- [Task requirements]:
Print every line from the start of the data, and when you reach the line with "LUXUS Hundekissen Hundesofa", include it and stop. Pictures are not part of the copy.

--- Given records Enclosed Below ---

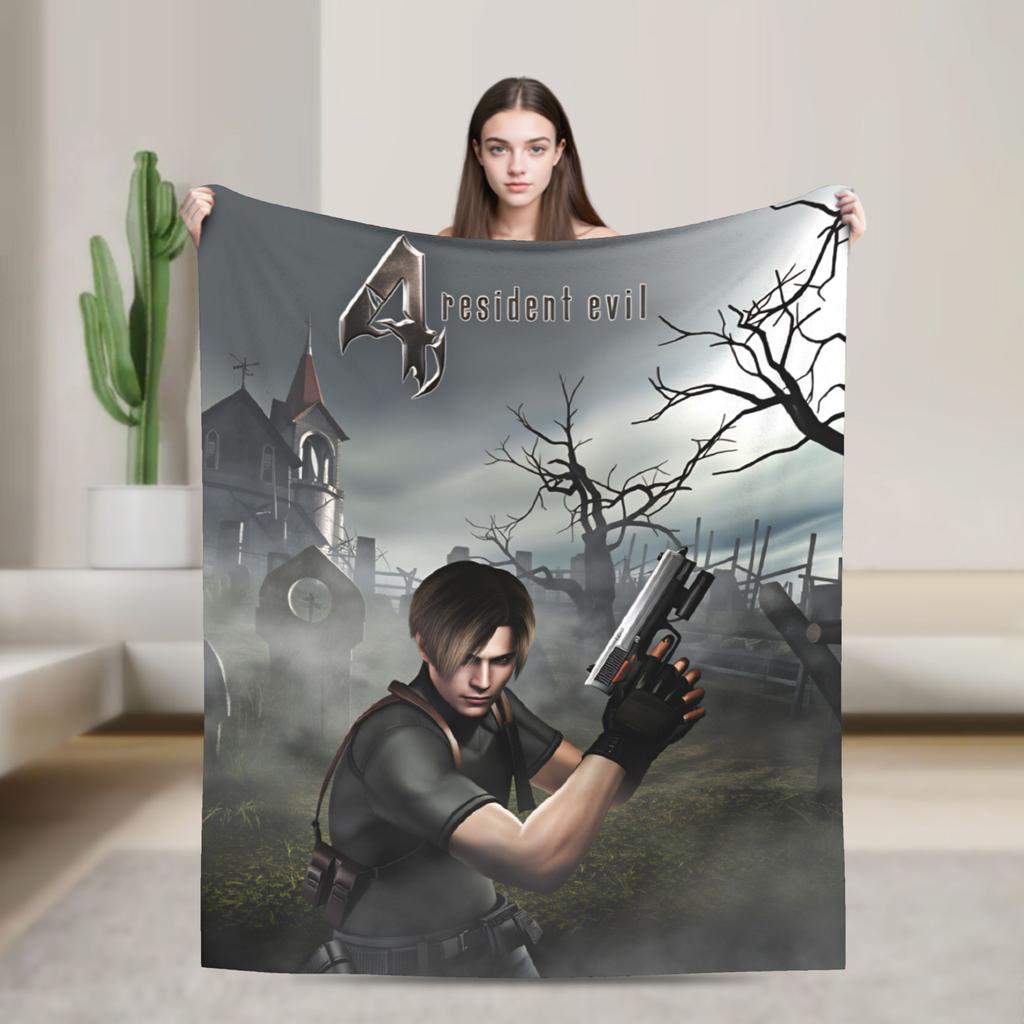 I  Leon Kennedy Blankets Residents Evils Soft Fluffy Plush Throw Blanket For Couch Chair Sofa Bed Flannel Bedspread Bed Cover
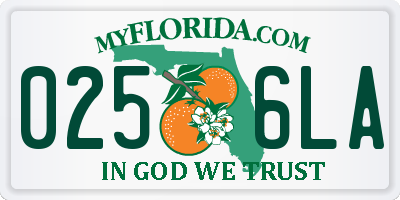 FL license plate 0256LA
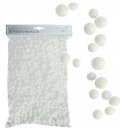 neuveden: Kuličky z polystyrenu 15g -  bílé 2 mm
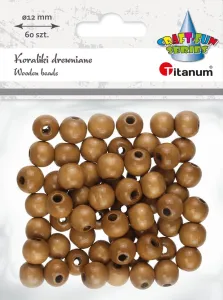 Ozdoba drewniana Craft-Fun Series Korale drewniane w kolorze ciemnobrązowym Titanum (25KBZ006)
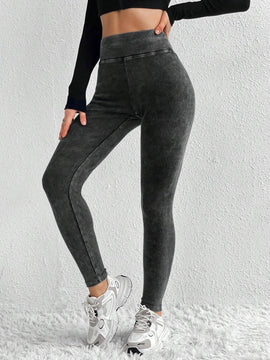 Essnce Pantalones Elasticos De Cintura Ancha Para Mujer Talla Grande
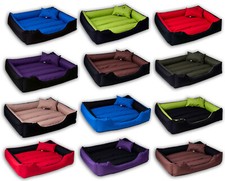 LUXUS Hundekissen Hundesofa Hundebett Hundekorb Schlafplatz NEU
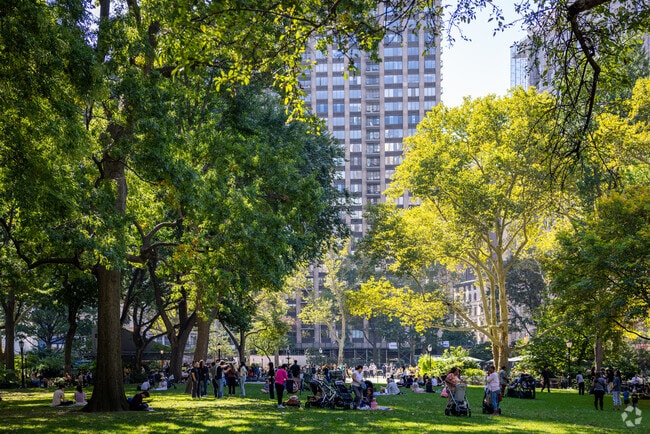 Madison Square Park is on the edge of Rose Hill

--- End of Enclosed Given records ---

- [Solution to this task]:
 I  Leon Kennedy Blankets Residents Evils Soft Fluffy Plush Throw Blanket For Couch Chair Sofa Bed Flannel Bedspread Bed Cover
 FL license plate 0256LA
 neuveden: Kuličky z polystyrenu 15g -  bílé 2 mm
 Ozdoba drewniana Craft-Fun Series Korale drewniane w kolorze ciemnobrązowym Titanum (25KBZ006)
 Essnce Pantalones Elasticos De Cintura Ancha Para Mujer Talla Grande
 LUXUS Hundekissen Hundesofa Hundebett Hundekorb Schlafplatz NEU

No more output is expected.